### About this exercise
Return the line containing "Villa The Lakes - picture 2" together with every later line up to the end of the records, exactly and with no pictures; return nothing else.

*** Data for review Section Begins ***

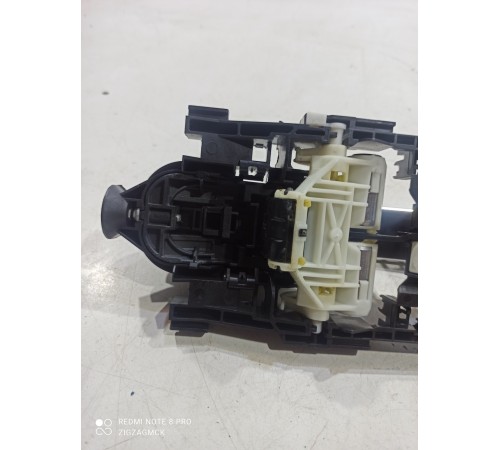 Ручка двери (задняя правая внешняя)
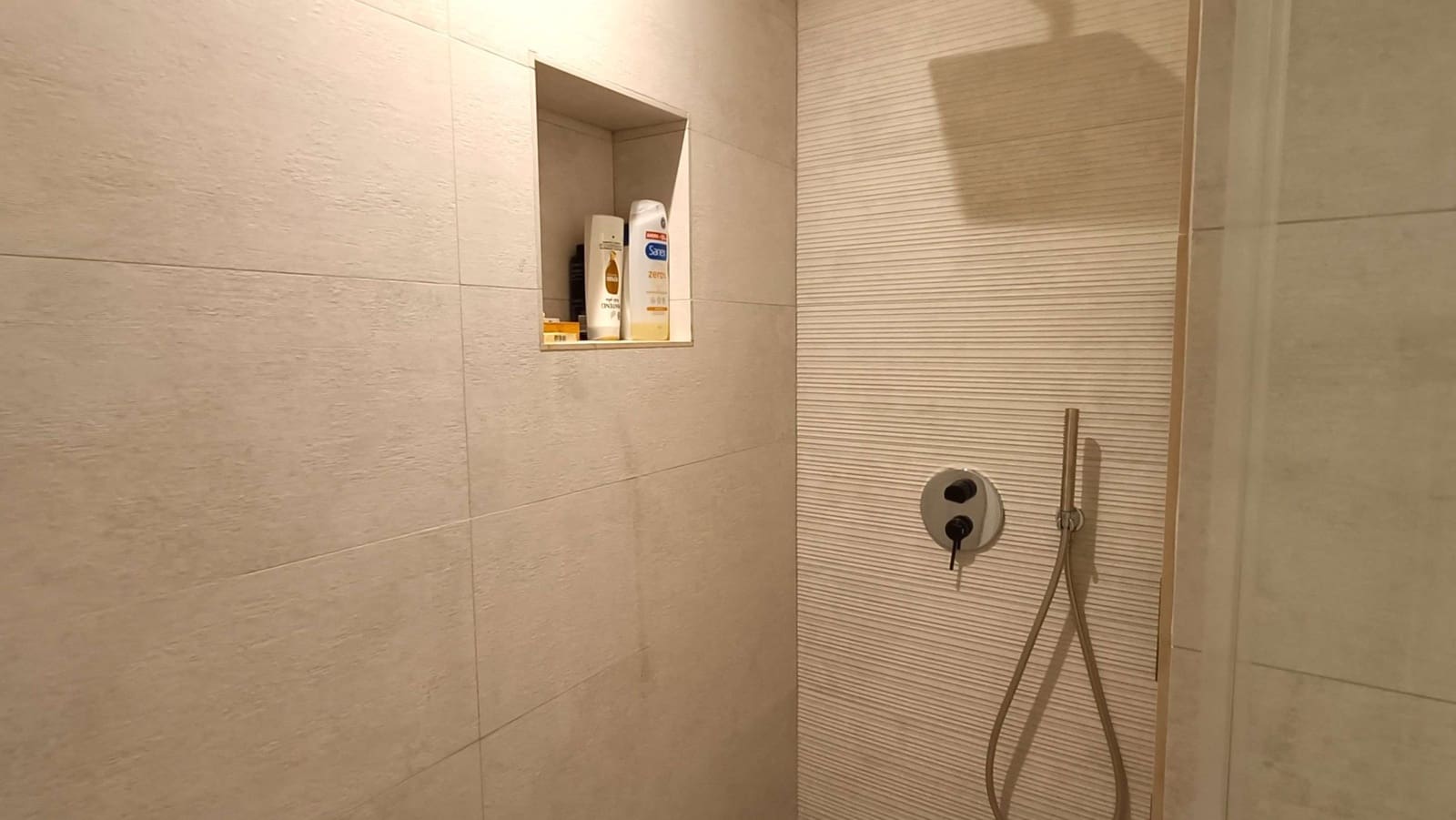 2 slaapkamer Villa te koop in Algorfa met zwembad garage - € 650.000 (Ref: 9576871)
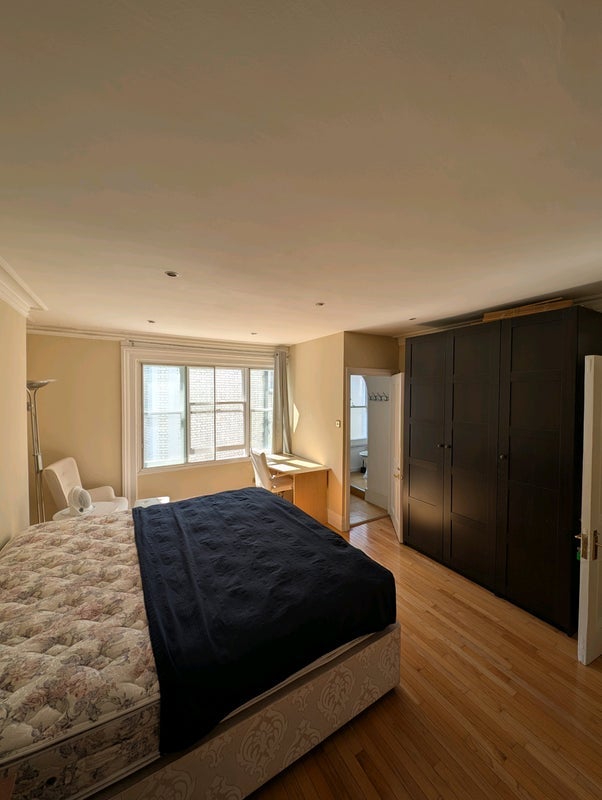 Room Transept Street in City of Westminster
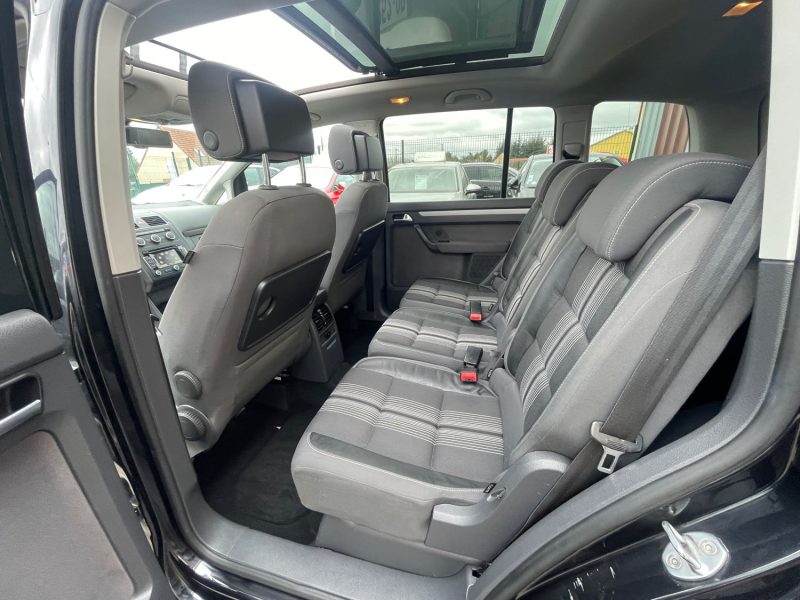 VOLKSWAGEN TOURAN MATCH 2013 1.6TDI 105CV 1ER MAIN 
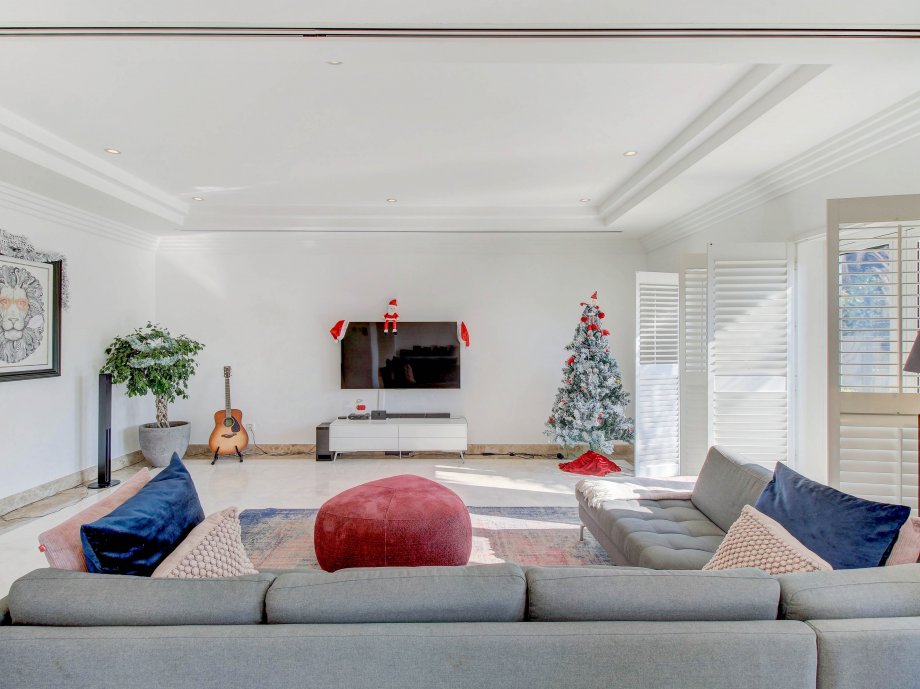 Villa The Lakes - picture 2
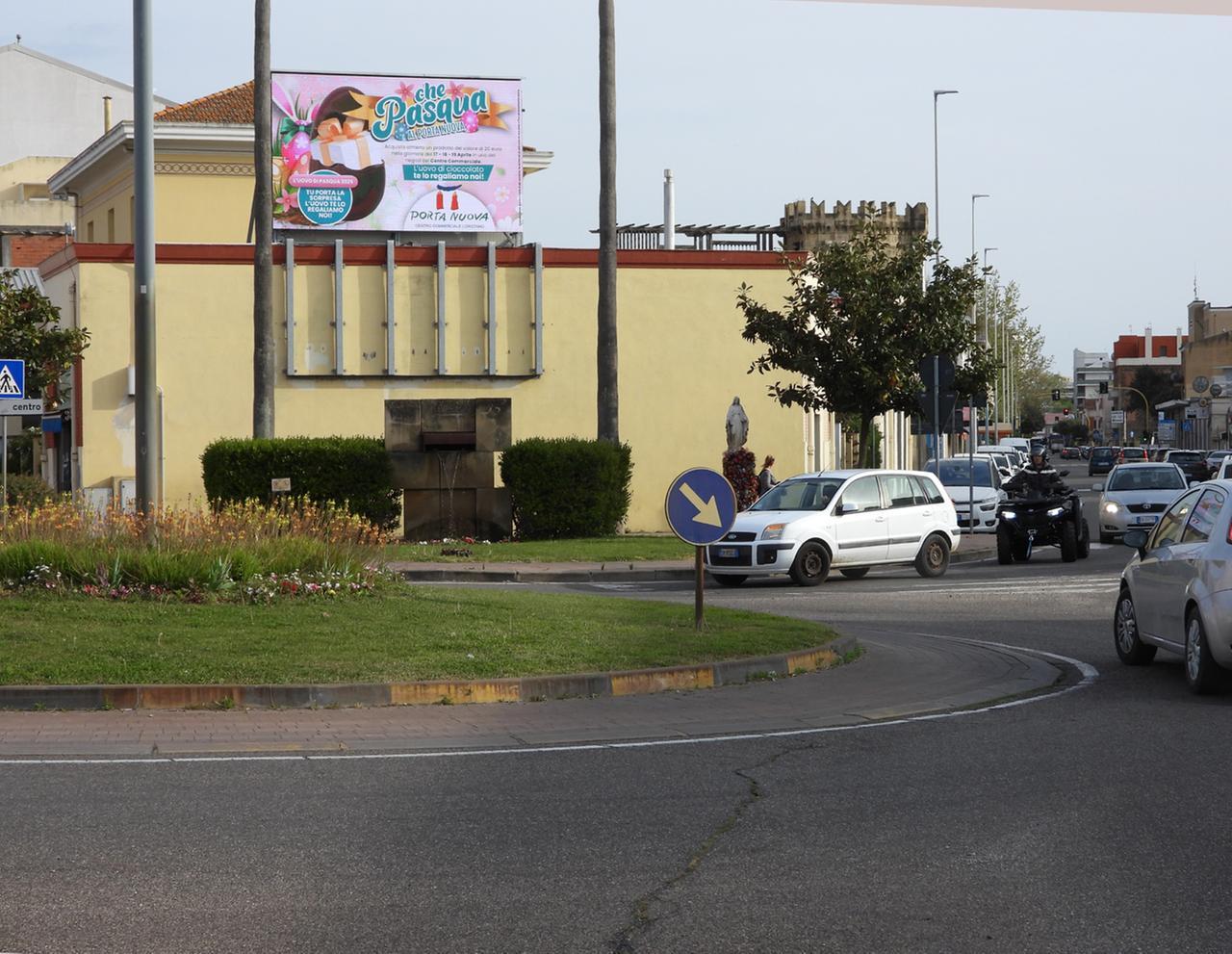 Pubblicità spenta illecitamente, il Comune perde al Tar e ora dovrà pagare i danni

*** Data for review Section Ends ***

### Response area
 Villa The Lakes - picture 2
 Pubblicità spenta illecitamente, il Comune perde al Tar e ora dovrà pagare i danni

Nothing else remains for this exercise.